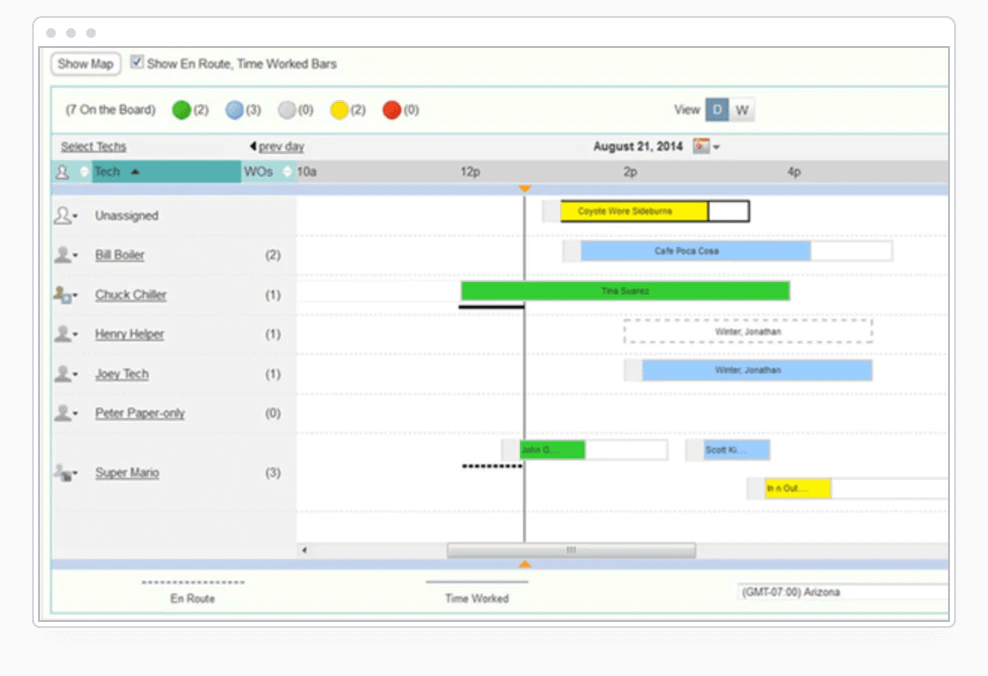 Intuit Field Service Management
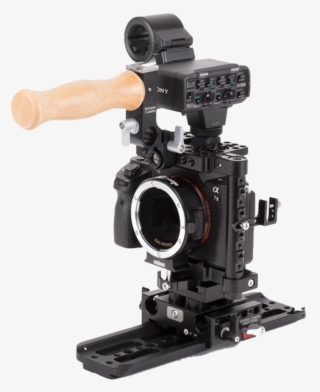 Unified Dslr 15mm Baseplate Wooden Camera - Video Camera #8367227 Unified Dslr 15mm Baseplate Wooden Camera - Video Camera #8367227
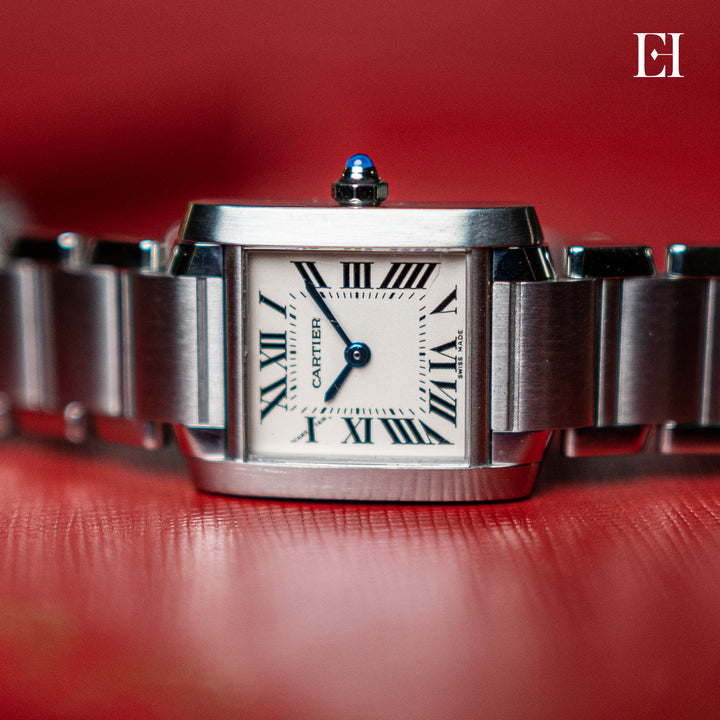 CARTIER TANK FRANCAISE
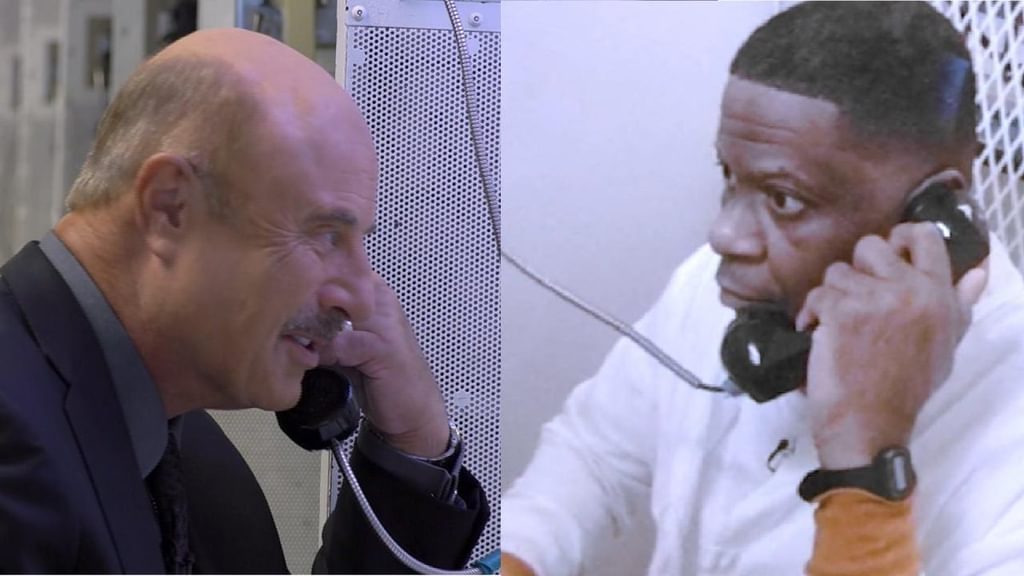 Dr. Phil Airs Two-Part Investigation of Rodney Reed Case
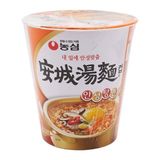 Mì Trứng Anseong Không Cay Nongshim Hàn Quốc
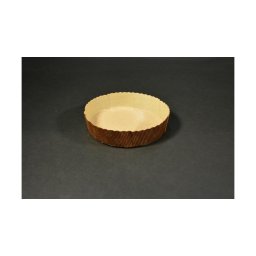 Papír sütőforma kerek tortaforma 15,5 x 3,5 cm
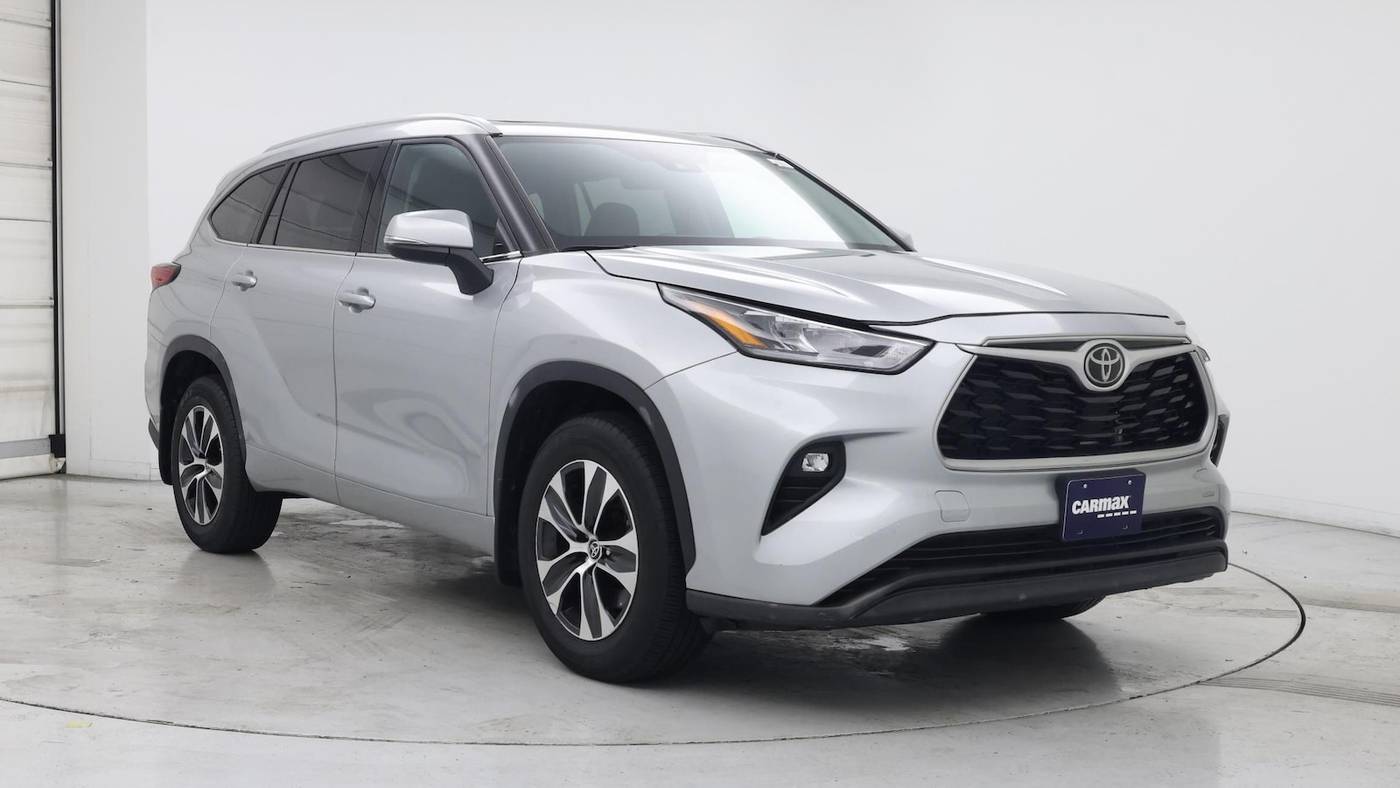 2022 Toyota Highlander XLE — SUV — 20,755 mi — Edison, NJ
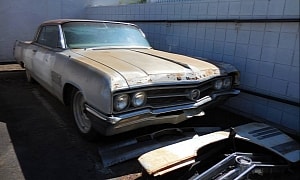 Only One of These Two 1964 Buick Wildcats Will Survive, LS Upgrade in 3, 2, 1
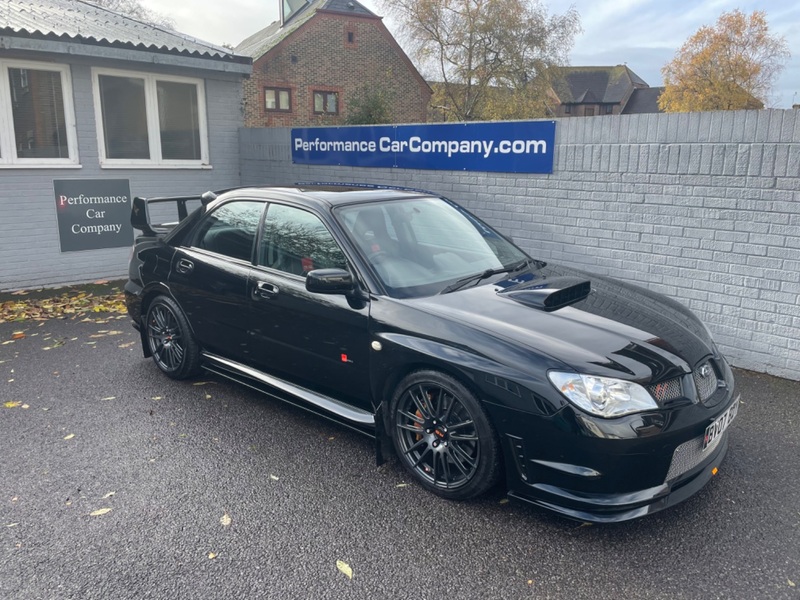 View SUBARU IMPREZA RB320 Only 2 Owners Enthusiast Owned FSH Amazing Car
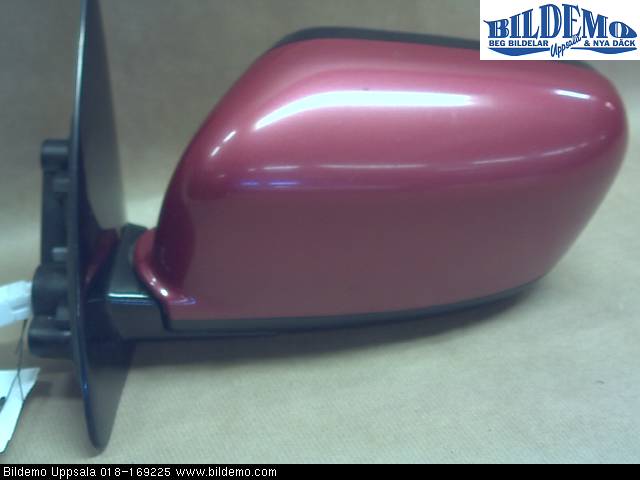 Mitsubishi OUTLANDER 01-07 Spegel Yttre El Vä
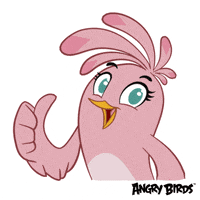 Angry Birds Stella GIFs - Find & Share on GIPHY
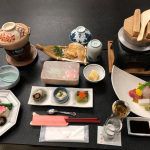 川湯温泉 冨士屋 宿泊レポ その2 お食事編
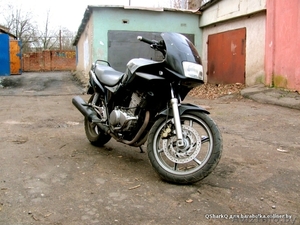 Honda CB500 - 2600$ - Изображение #1, Объявление #551627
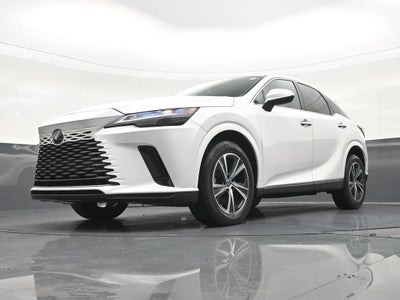 2024 Lexus RX RX 350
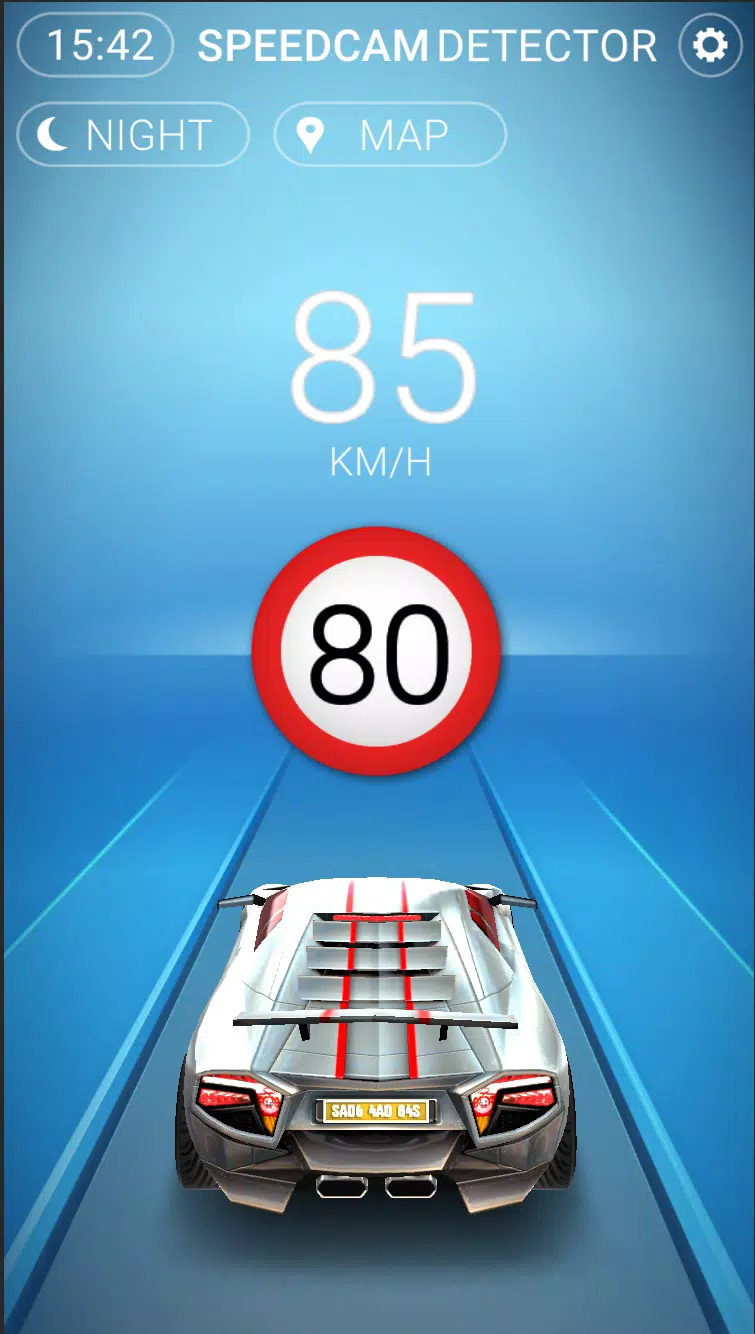 Speedcams Germany screenshot 4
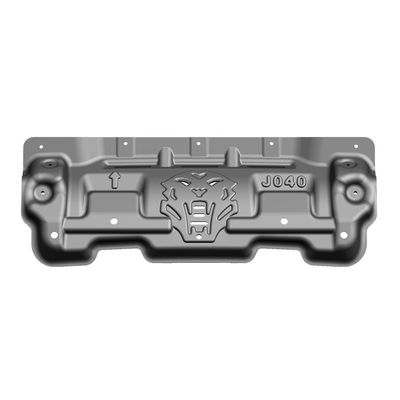 2000 Tacoma Hilux Ranger Raptor Skid Plate con 4.0mm/5.0mm Magnalium/Steel Plate
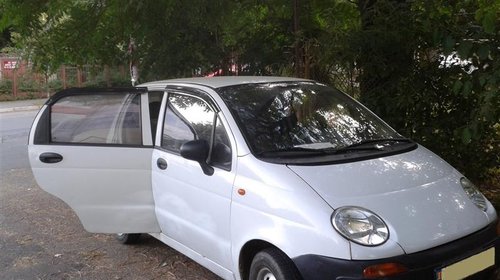 Perdele interior Daewoo Matiz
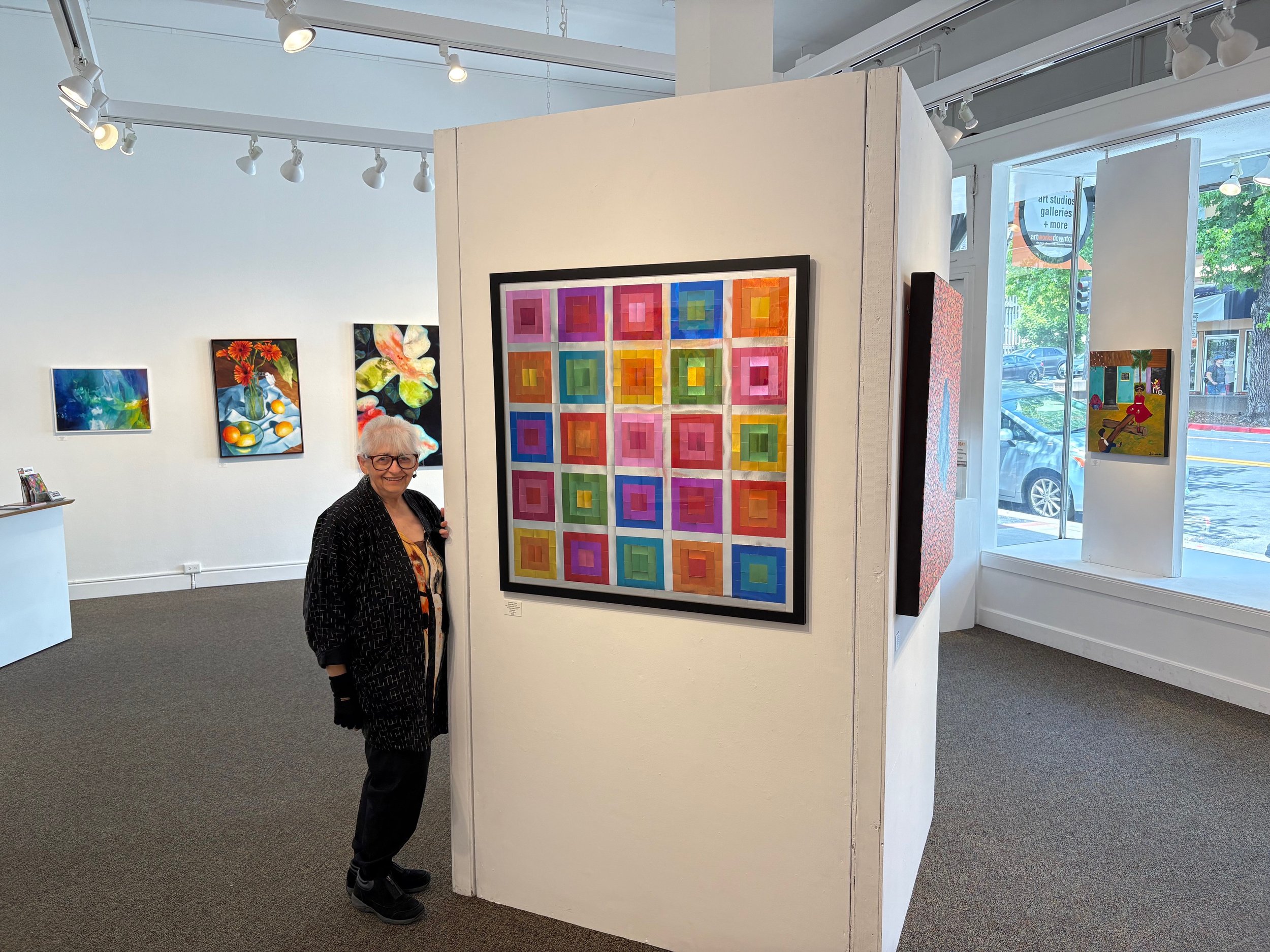 Artrageous Chromatic Bloom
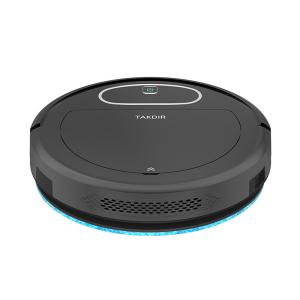 China Self Charging Automatic Robot Vacuum Cleaner 19V 85RH For Household Cleaning factory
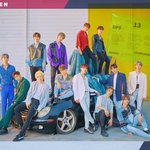 세븐틴 오피셜 포토 뜬거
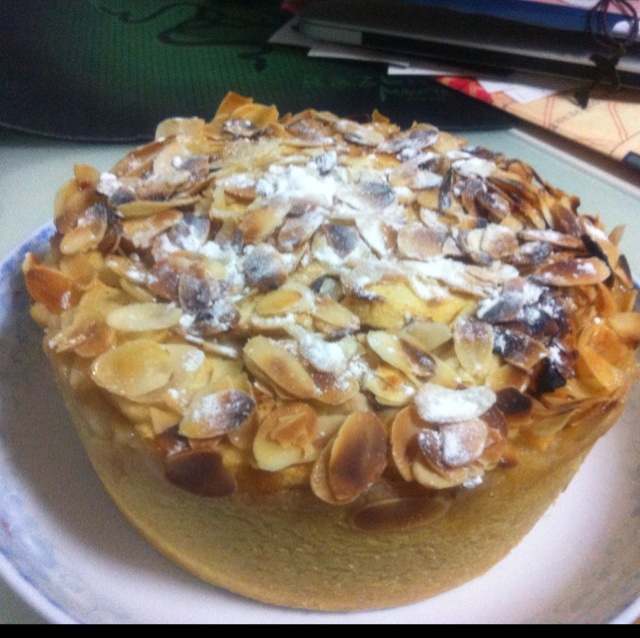 Apple Tart（苹果塔）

== Exercise directions ==
Retype the data above verbatim, minus images.

== Exercise response ==
 Intuit Field Service Management
 Unified Dslr 15mm Baseplate Wooden Camera - Video Camera #8367227 Unified Dslr 15mm Baseplate Wooden Camera - Video Camera #8367227
 CARTIER TANK FRANCAISE
 Dr. Phil Airs Two-Part Investigation of Rodney Reed Case
 Mì Trứng Anseong Không Cay Nongshim Hàn Quốc
 Papír sütőforma kerek tortaforma 15,5 x 3,5 cm
 2022 Toyota Highlander XLE — SUV — 20,755 mi — Edison, NJ
 Only One of These Two 1964 Buick Wildcats Will Survive, LS Upgrade in 3, 2, 1
 View SUBARU IMPREZA RB320 Only 2 Owners Enthusiast Owned FSH Amazing Car
 Mitsubishi OUTLANDER 01-07 Spegel Yttre El Vä
 Angry Birds Stella GIFs - Find & Share on GIPHY
 川湯温泉 冨士屋 宿泊レポ その2 お食事編
 Honda CB500 - 2600$ - Изображение #1, Объявление #551627
 2024 Lexus RX RX 350
 Speedcams Germany screenshot 4
 2000 Tacoma Hilux Ranger Raptor Skid Plate con 4.0mm/5.0mm Magnalium/Steel Plate
 Perdele interior Daewoo Matiz
 Artrageous Chromatic Bloom
 China Self Charging Automatic Robot Vacuum Cleaner 19V 85RH For Household Cleaning factory
 세븐틴 오피셜 포토 뜬거
 Apple Tart（苹果塔）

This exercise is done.